Monday, Jul. 13, 1953

France's Fighter

At Paris' Le Bourget airfield last week, a jet interceptor, the Mystere IV, buzzed the field at 650 m.p.h. not more than 15 feet off the ground. A tiny two-seater, the Minijet, scooted up & down at 200 m.p.h. Loafing about the field were the Trident, an experimental, needle-nosed plane that the French hope will reach speeds up to Mach 1.6 (1,156 m.p.h. at sea level), and the triple-purpose Vautour (ground-support fighter, all-weather interceptor, light bomber), with expected speeds of 650-plus m.p.h.

The occasion was the 20th Annual International Aviation Salon, hailed by enthusiastic French journalists as the "French Farnborough." It was a good show, but it was far from Britain's Farnborough. In building big, fast planes, the French are admittedly two years behind the U.S. and England. The French aviation industry, hard hit by nationalization by the Front Populaire in 1937 and all but finished by the German occupation, has come back slowly since the war. One reason is that comparatively little government money has been spent on it. During the last five years, total air force expenditures have been under $2.5 billion, and the industry estimates that only a fourth of its present capacity is being used. Only 1,000 planes a year of all types are being manufactured. But the future looks brighter. NATO has ordered $86 million worth of Mystere IV interceptors; the U.S. has placed $30 million in offshore contracts for Republic Thunderjet and Thunderstreak air frames, and the British are trying out the Breguet doubledecker 117-passenger transports.

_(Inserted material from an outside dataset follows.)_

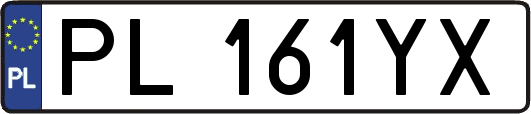 PL161YX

On their own, the French have developed some special purpose planes:

P: Small jet trainers such as the 250-m.p.h. Minijet, powered by a French-developed 300-lbs. thrust Turbomeca engine, and Fleuret and Magister, powered by two 880-lbs. thrust Turbomeca engines, with 450-m.p.h. maximum speeds.

P: The Hurel-Dubois 33, a two-engine, piston plane which, its makers claim, can ,take off in half the distance required for the DC-3, and carry comparable loads at only 41% of the DC-3's operating cost.

P: The Potez 75, a weird-looking antitank craft with a podlike body hanging between twin fuselages. It fires four guided missiles which unreel up to 1,968 yds. of wire in flight. By means of electrical impulses sent through the wire, a man in the cockpit, sitting at a stick similar to the pilot's, guides the missiles.

Many of the new models have been produced by private aircraft companies, which have been gradually denationalizing the industry. Of the 60,000 workers in the aircraft and aircraft equipment industries, more than half are employed by private companies.